**Input records**:
□ □ □

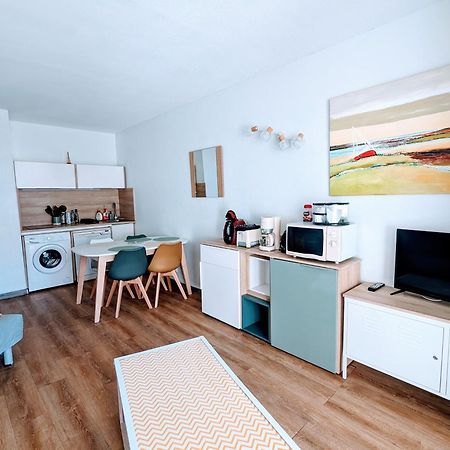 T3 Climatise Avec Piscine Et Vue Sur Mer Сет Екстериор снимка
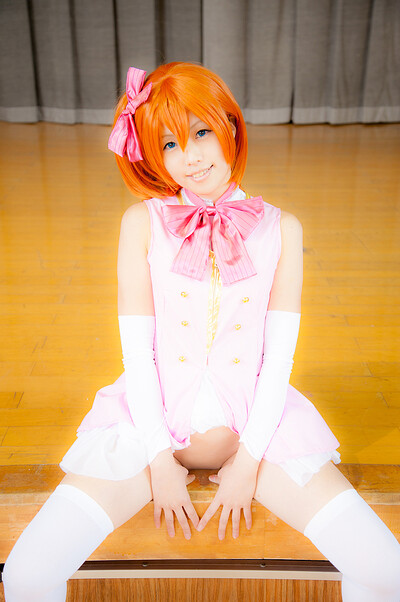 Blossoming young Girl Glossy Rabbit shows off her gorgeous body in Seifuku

□ □ □

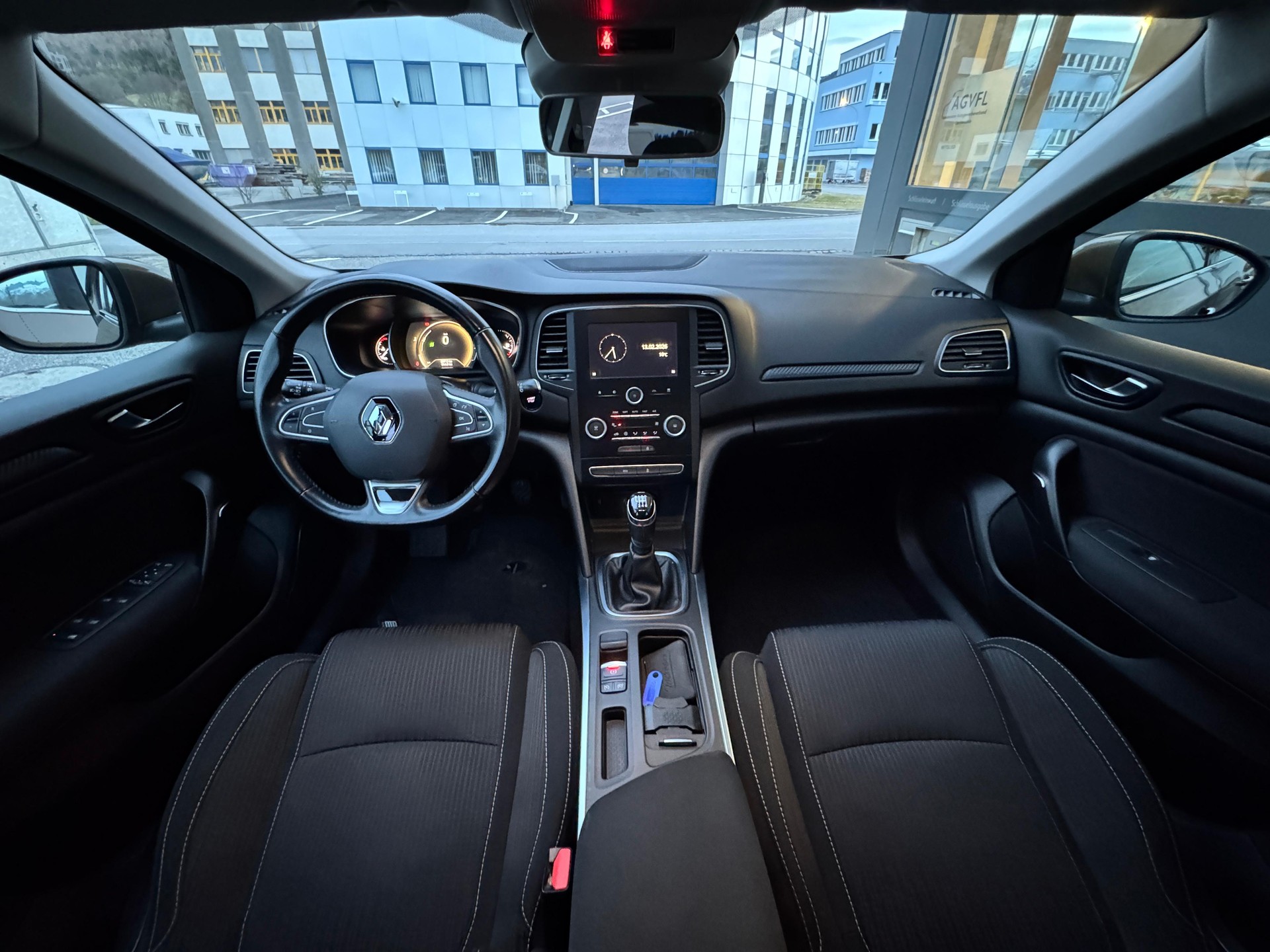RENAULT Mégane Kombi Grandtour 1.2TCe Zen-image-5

□ □ □

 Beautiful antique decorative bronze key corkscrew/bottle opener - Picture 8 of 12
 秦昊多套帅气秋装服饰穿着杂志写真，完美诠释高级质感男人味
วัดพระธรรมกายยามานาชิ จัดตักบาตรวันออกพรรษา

□ □ □

**What needs to be done**: Extract, without any images, the part of the material above that opens with the line containing "T3 Climatise Avec" and closes with the line containing "Blossoming young Girl", both lines included.

**Written answer**:
 T3 Climatise Avec Piscine Et Vue Sur Mer Сет Екстериор снимка
 Blossoming young Girl Glossy Rabbit shows off her gorgeous body in Seifuku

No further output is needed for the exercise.